As enterprises mature in their CI/CD journey, they tend to ship code faster, safely, and securely. One essential strategy the DevOps team applies is releasing code progressively to production, also known as canary deployment. Canary deployment is a bulletproof mechanism that safely releases application changes and provides flexibility for business experiments. It can be implemented using software like Argo Rollouts and Flagger. However advanced DevOps teams would like to gain granular control over their traffic and pod scaling while performing canary deployment to reduce overall cost. We have helped a few of our customers (Istio users) to achieve advanced traffic management of canary deployment at scale.
We want to share our knowledge with the DevOps community through this blog.
If you want to jump straight into the demo video, our CTO, Ravi Verma, has created a walkthrough on advanced traffic management in Canary for enterprises at scale.
If you are interested, you can check our previous blog: how to implement canary deployment for Kubernetes workloads using Argo Rollouts and Istio.
Before we get started, let us discuss the canary architecture implemented by Argo Rollouts and Istio.
Recap of Canary implementation architecture with Argo Rollouts and Istio
If you use Istio service mesh, all of your meshed workloads will have an Envoy proxy sidecar attached to the application container in the pod. You can perhaps have an API or Istio ingress gateway to receive the incoming traffic from outside. In such a case, you can use Argo Rollouts to handle canary deployment. To implement canary deployment Argo Rollouts provides a CRD called Rollout, which is similar to Deployment object and responsible for creating, scaling, and deleting ReplicaSets in K8s.
The canary deployment strategy starts by redirecting a small amount of traffic (say 5%) to the newly deployed app. Based on specific criteria, such as optimized resource utilization of new canary pods, you can gradually increase the traffic to 100%. The traffic handling for the baseline and canary is carried by Istio sidecar as per the rules defined in the Virtual Service resource. Since Argo Rollouts provides native integration with Istio, it would override the Virtual Service resource to increase the traffic to the canary pods.
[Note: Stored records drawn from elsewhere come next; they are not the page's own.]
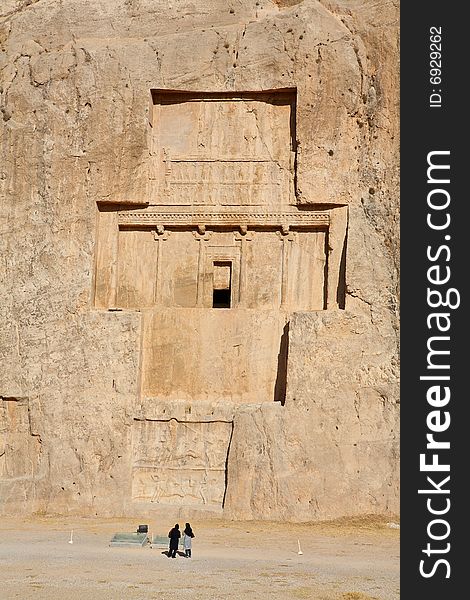 Naqsh-e Rostam, Tomb Of Persian Kings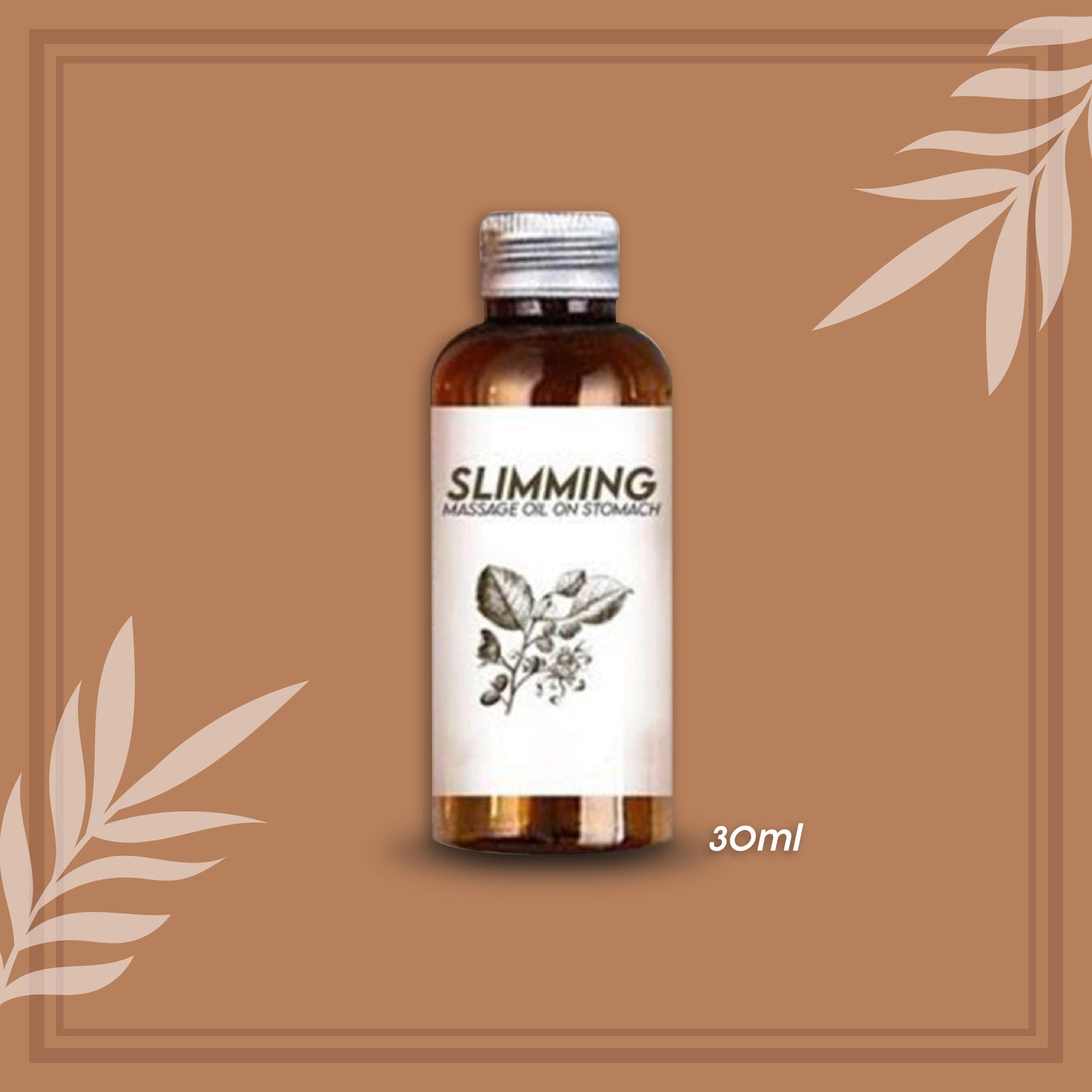 Fat Burning Herbal Massage Oil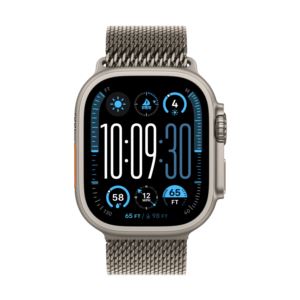 Watch+Ultra+2+GPS+%2B+Cell+49mm+Natural+Titan+Case+w%2F+Med+Natural+Titan+Milanese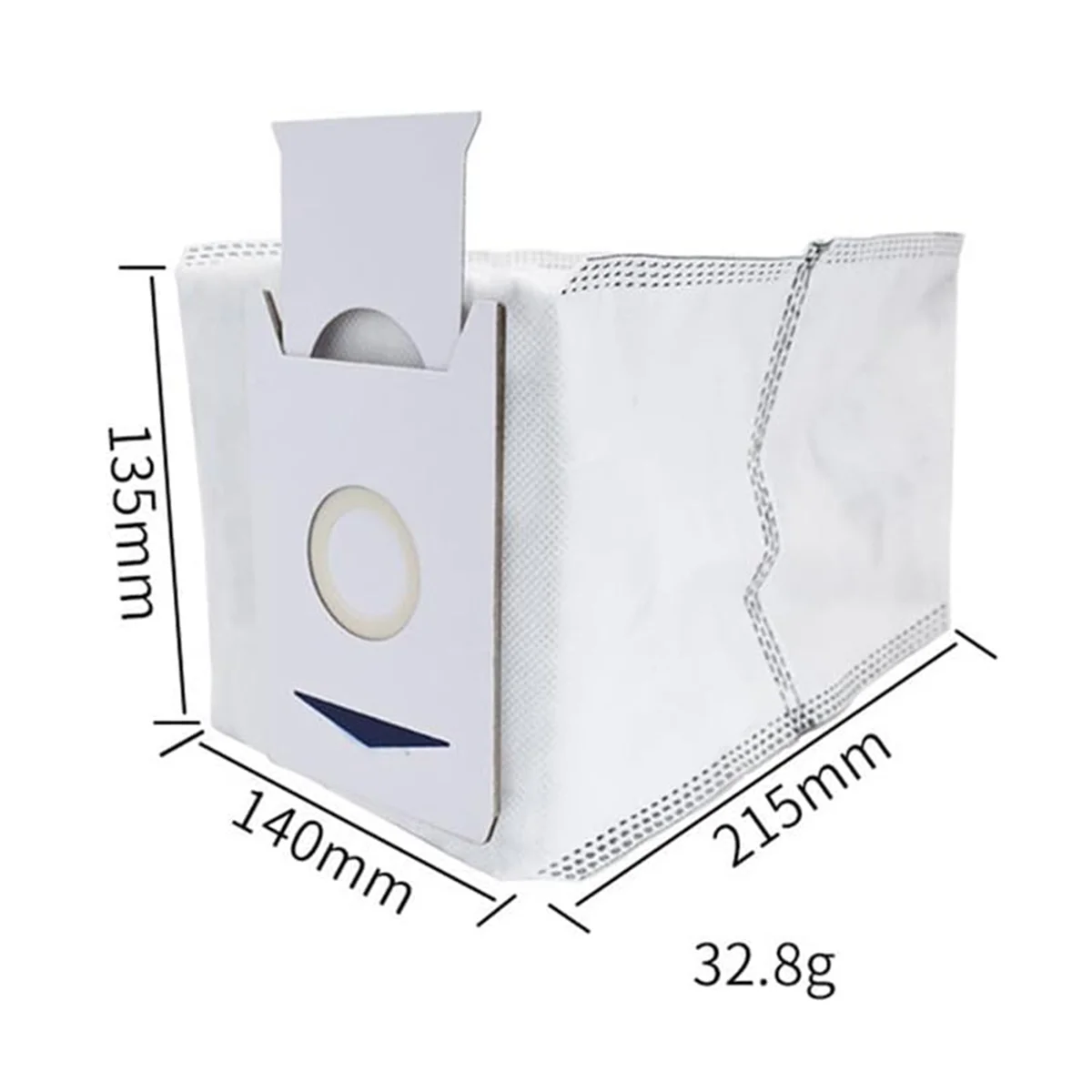 For Ecovacs T30 Pro Max Vacuum Cleaner Side Brush Mop Cloth Dust Bag Filter Replacement Parts Accessories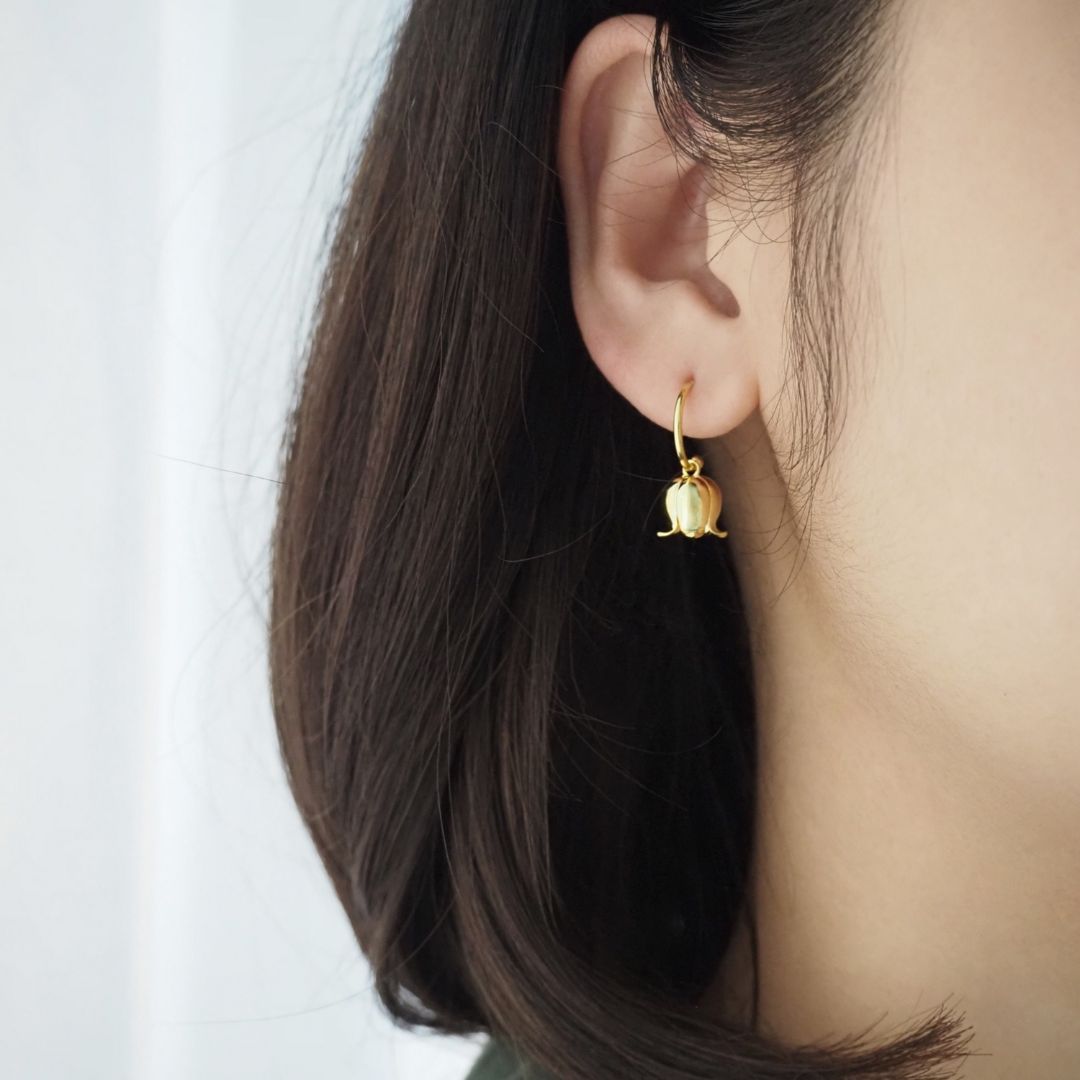 Lily Of The Valley Earrings - The Chubby Paw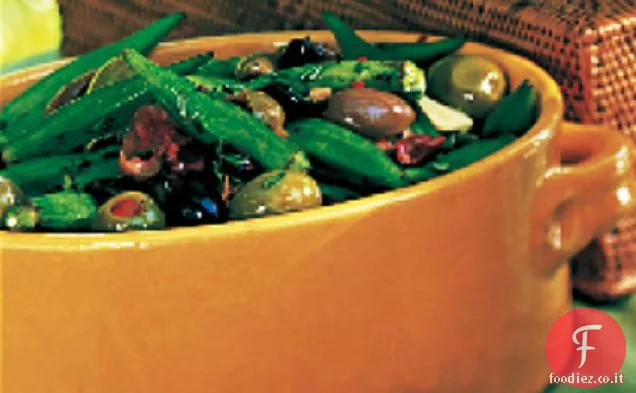 Gombo piccante e olive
Canary can be implemented by two methods: Deploying new changes as a service, or Deploying new changes as a deployment.
- Deploying new changes as a service
In this method, we can create a new service (called canary) and split the traffic from the Istio ingress gateway between the stable and canary services. Refer to the image below.
You can refer to the yaml file for a sample implementation of deploying a canary with multiple services here. We have created two services called: rollouts-demo-stable and rollouts-demo-canary. Each service will listen to HTTP traffic for the Argo Rollout resource called rollouts-demo. In the rollouts-demo yaml, we have specified the Istio virtual service resource and the logic to gradually improve the traffic weightage from 20% to 40%, 60%, 80%, and eventually 100%.
If you want to know more about this method, you can watch the detailed video.
- Deploying new changes as a subset
In this method, you can have one service but create a new Deployment subset (canary version) pointing to the same service. Traffic can be split between the stable and canary deployment sets using Istio Virtual service and Destination rule resources.
In this blog, we will thoroughly discuss the second method.
Implementing Canary using Istio and Argo Rollouts without changing Deployment resource
Since there is a misunderstanding among DevOps professionals that Argo Rollouts is a replacement for Deployment resource, and the services considered for canary deployment have to refer to the Argo Rollouts with Deployment configuration rewritten.
Well, that’s not true.
The Argo Rollout resource provides a section called workloadRef, where existing Deployments can be referred to without making any significant changes to Deployment or service yamls.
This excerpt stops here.